AUSTELL, Ga. (AP) — Musical artists and loved ones on Friday mourned Grammy-nominated R&B singer Angie Stone, who was killed in a car crash earlier this month.
Mourners filed into the massive Word of Faith Cathedral west of Atlanta, taking their seats around a silver and gold casket surrounded by a sea of red roses.
“In her song No More Rain (In This Cloud),'” she says my sunshine is coming, and I’m all cried out,” filmmaker and entertainment executive Tyler Perry said at Friday's service.
“There’s no more rain in this cloud," he said. “The beauty of what she was talking about is when a cloud has no more tears, it dissipates, it’s gone.”
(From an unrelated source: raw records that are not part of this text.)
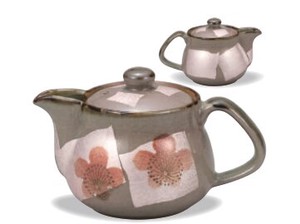 九谷烧 日式茶壶 粉色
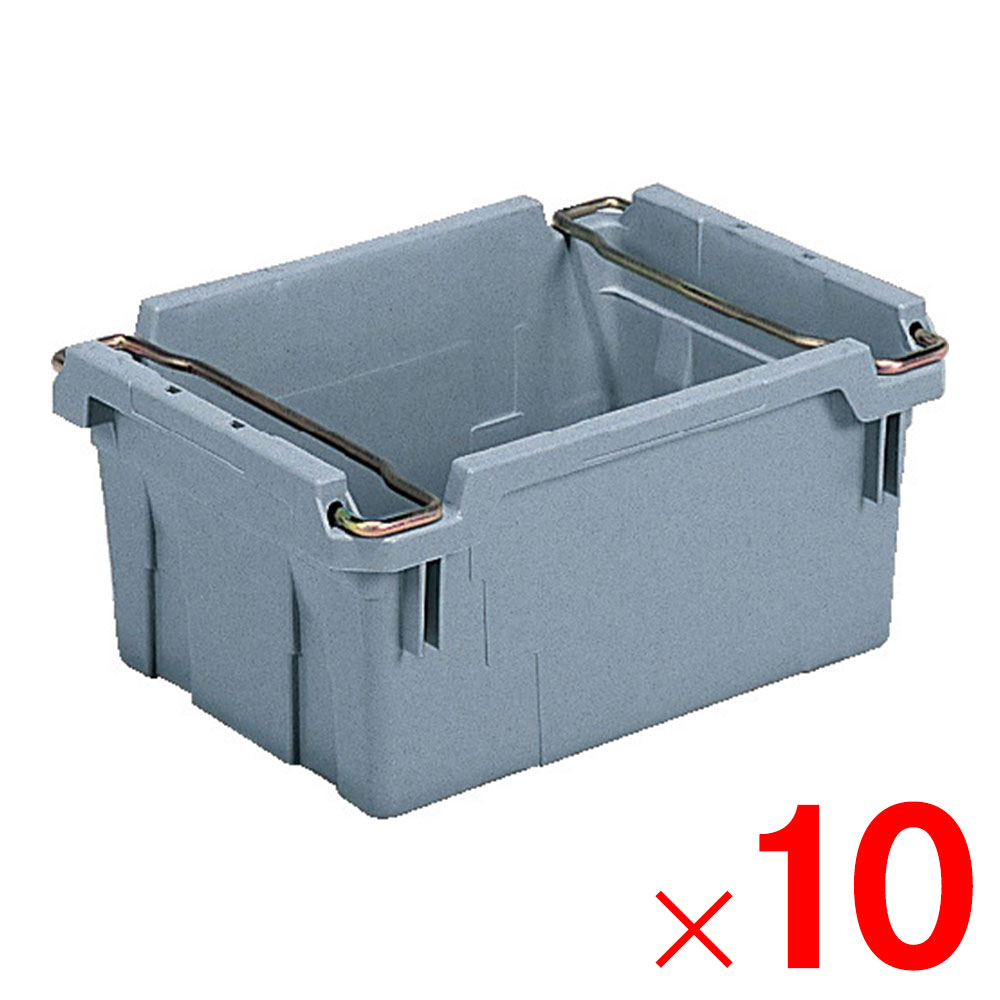 【法人限定】サンコー サンバケット #25N ハンドル付 ライトグレー 202204-01×10個 セット販売 【メーカー直送・代引不可・置配不可】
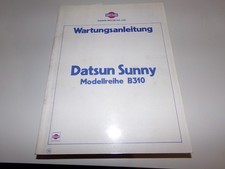 Datsun Sunny Werkstatthandbuch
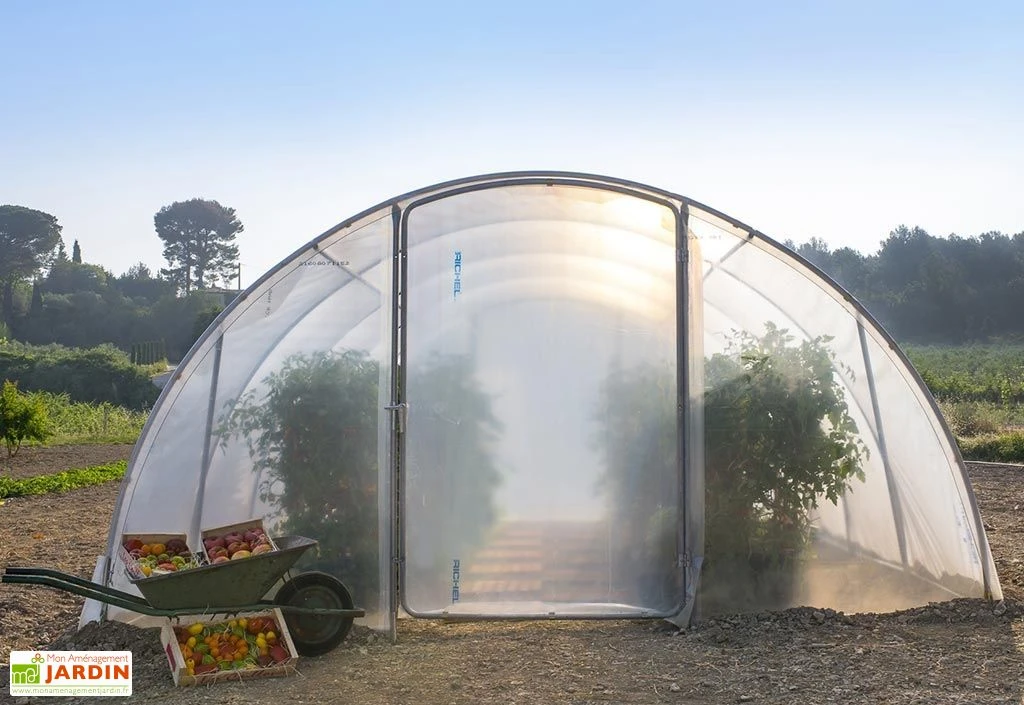 Serre De Jardin Tunnel Richel 4,5x4,5 Ep 2x180µ 1 Porte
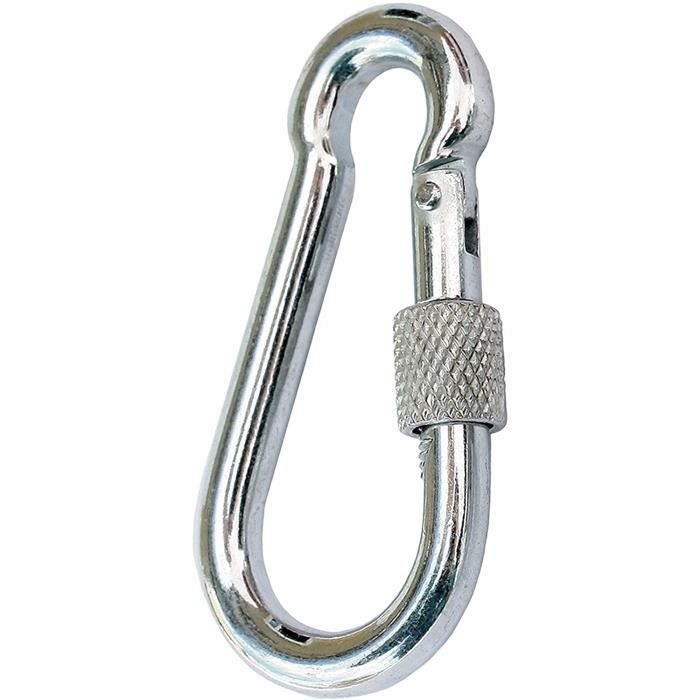 Mousquetons Acier Inox V4A EXS - Taille 5x50 à 11x120 Mm, Fermeture à Vis, Pour Pompiers
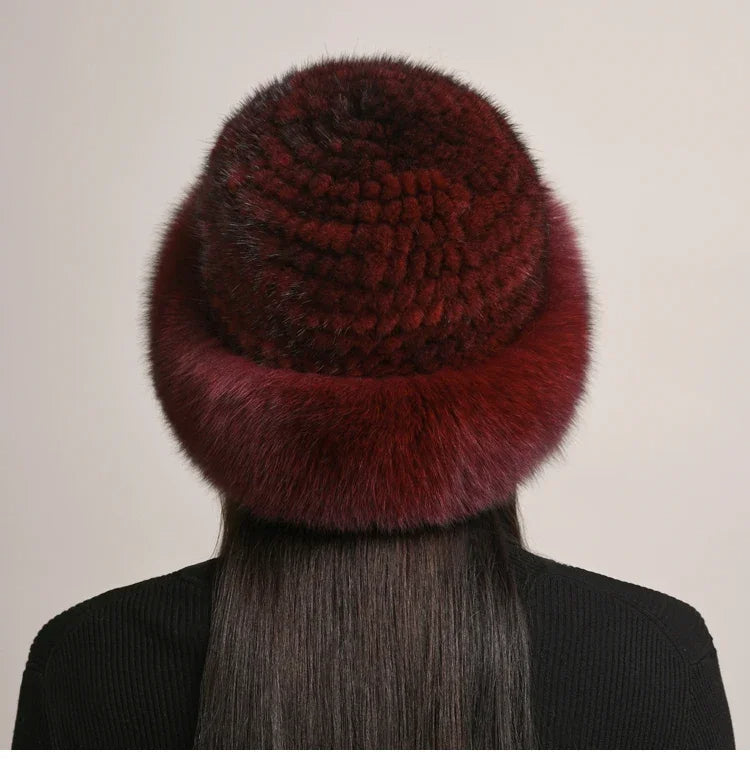 High-quality women's winter hat, offering luxurious warmth and elegant style for cold weather outfits.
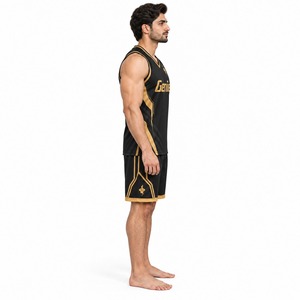 Uniforme de Baloncesto para Hombre, Pantalones Cortos Transpirables, Ropa Deportiva Ligera para Entrenamiento, Competencia y Práctica - Product Image 3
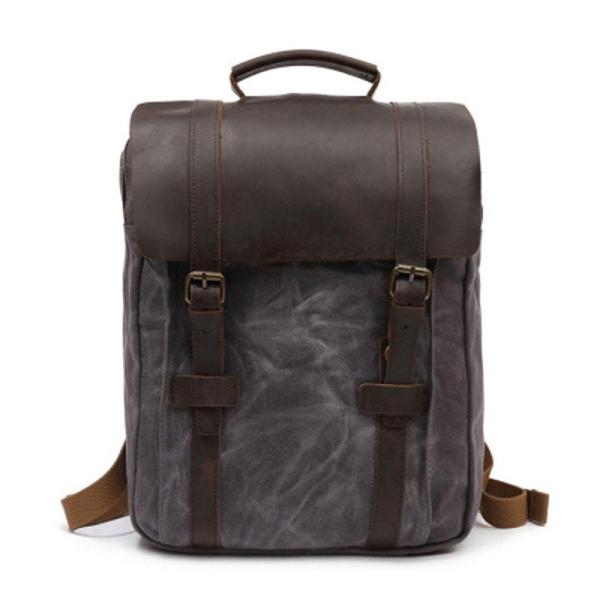 Mens Canvas Leather Backpack Canvas Travel Backpacks Canvas School Backpacks for Men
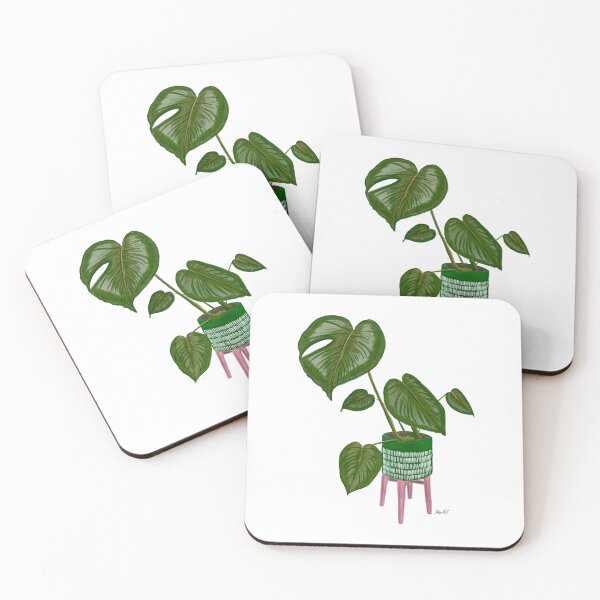 Item preview, Monstera Illustration-Light Pink designed and sold by deblevart.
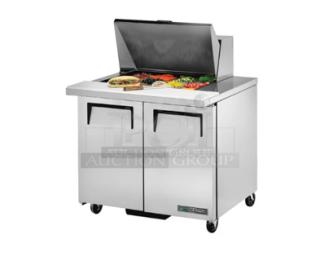 Excellent Condition True  36" Refrigerated Sandwich Table 115 Volt Tested and Working!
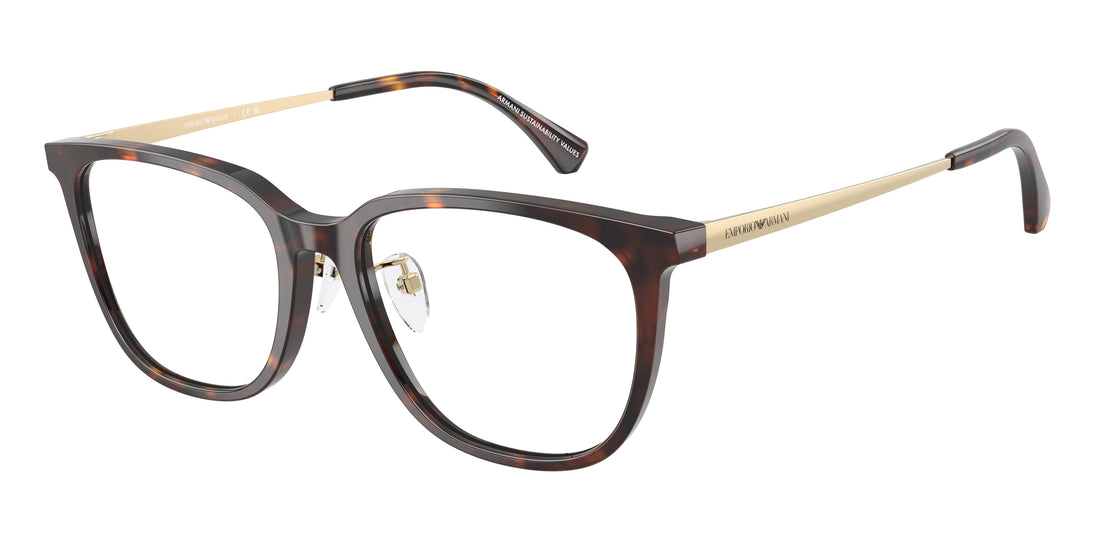 Óculos graduados emporio armani ea3284d 5026 havana irregular masculino tamanho 54mm - Vista principal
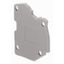 End plate for modular TOPJOB®S connector 1.5 mm thick gray thumbnail 2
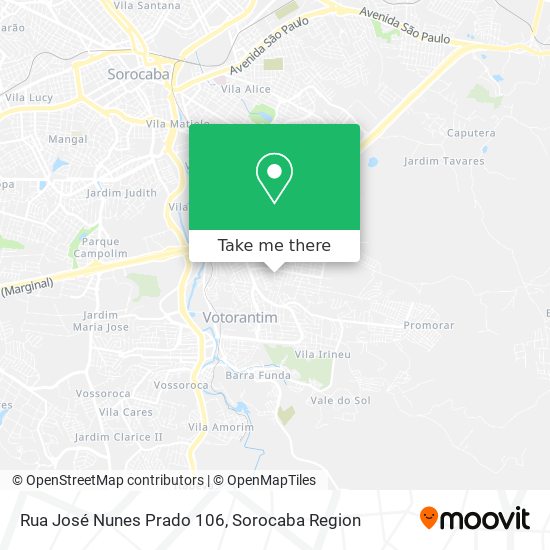 Mapa Rua José Nunes Prado 106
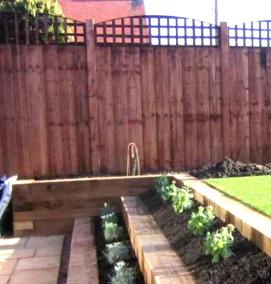 террасные грядки - модель 3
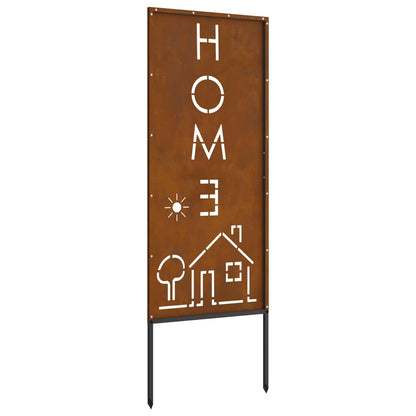 Garten Sichtschutz-Leinwand Rostoptik 50 x 140 cm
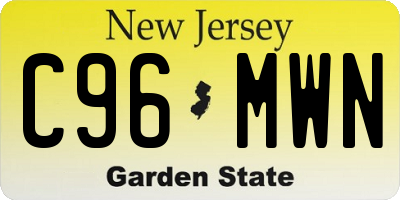 NJ license plate C96MWN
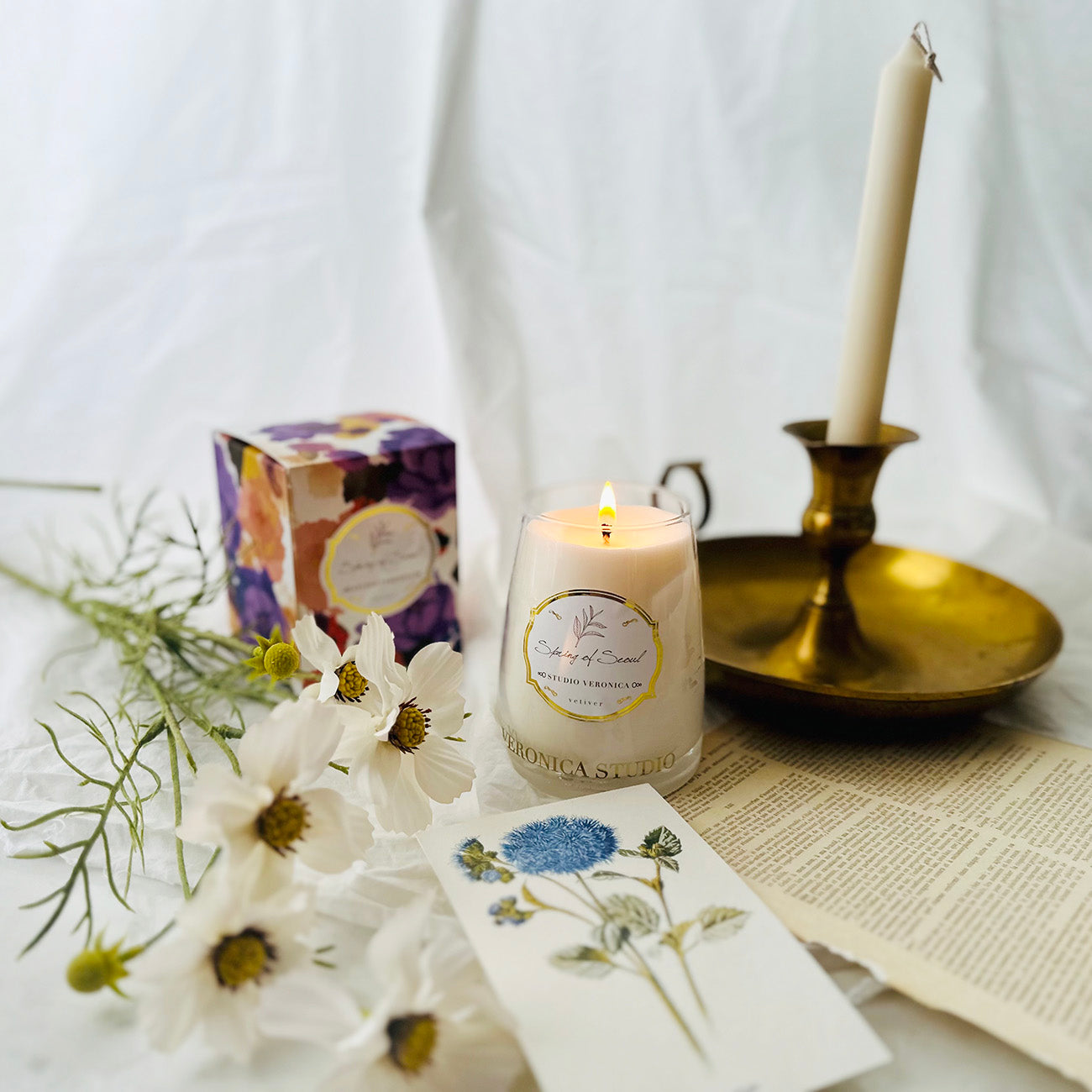 10oz Spring of Seoul scented candle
The song, like so many of Stone's hits, found great success. It reached No. 1 for 10 weeks on Billboard’s Adult R&B airplay chart.
The cargo van she was riding in flipped over and was then hit by a truck on March 1 near Montgomery, Alabama, music producer and Stone’s longtime manager Walter Millsap III has said. Everyone else in the van survived except Stone, who was 63. Online tributes from fans and fellow artists poured in after her death.
“God is good even when life is not, and so we celebrate the life of our sister that has been well-lived,” said Bishop Dale Bronner, the church’s senior pastor.
Many acclaimed musical artists performed at the service, including Keke Wyatt, Anthony Hamilton and Kirk Franklin.
Before Wyatt sang Friday, she recalled how Stone would call her in the middle of the night to pray with her or give her encouragement.
“She was so beautiful,” Wyatt said. “Like seriously, I love her music and I love her voice and all that. But her as a person trumps all of that.”
The church-grown singer was born in Columbia, where music was always in her life since she was a child, Stone told The Associated Press in a 1999 interview. Her mother would sing around the house, and her father sang gospel and blues at establishments around Columbia.
Another service is planned on Saturday in Columbia, at First Nazareth Baptist Church.
Stone was a member of the all-female hip-hop trio The Sequence and known for the hit song “Wish I Didn’t Miss You.” She helped form The Sequence, the first all-female group on the hip-hop trailblazing imprint Sugar Hill Records, becoming one of the first female groups to record a rap song.
The group recorded “Funk You Up,” which has been sampled by numerous artists, including Dr. Dre.
After finding success in the early 1980s, Stone later joined the trio Vertical Hold before launching her solo career.
Stone created hits like “Baby” with legendary soul singer Betty Wright, another No. 1 hit; and “Wish I Didn’t Miss You” and “Brotha.”
She found a sweet spot in the early 2000s as neo-soul begin to dominate the R&B landscape with the emergence of singers like Erykah Badu, Jill Scott, Maxwell and D’Angelo.
Her 2001 album “Mahogany Soul” reached No. 22 on the Billboard 200, while 2007’s “The Art Of Love & War” peaked at No. 11.
A Soul Train Lady of Soul winner, Stone went on to showcase her acting chops with film roles in “The Hot Chick” starring Rob Schneider, “The Fighting Temptations,” which starred Cuba Gooding Jr. and Beyoncé, and “Ride Along” led by Ice Cube and Kevin Hart.
She also hit the Broadway stage as Big Mama Morton in “Chicago,” and she showcased her vulnerability on the reality TV shows “Celebrity Fit Club” and “R&B Divas: Atlanta.”
But her qualities as a person and her lasting imprint on people around her were qualities that kept coming up from speaker after speaker at Friday's service.
“This woman sewed good things to people, she sewed kindness to people, she sewed joy to people, she sewed love and her voice to people,” Perry said.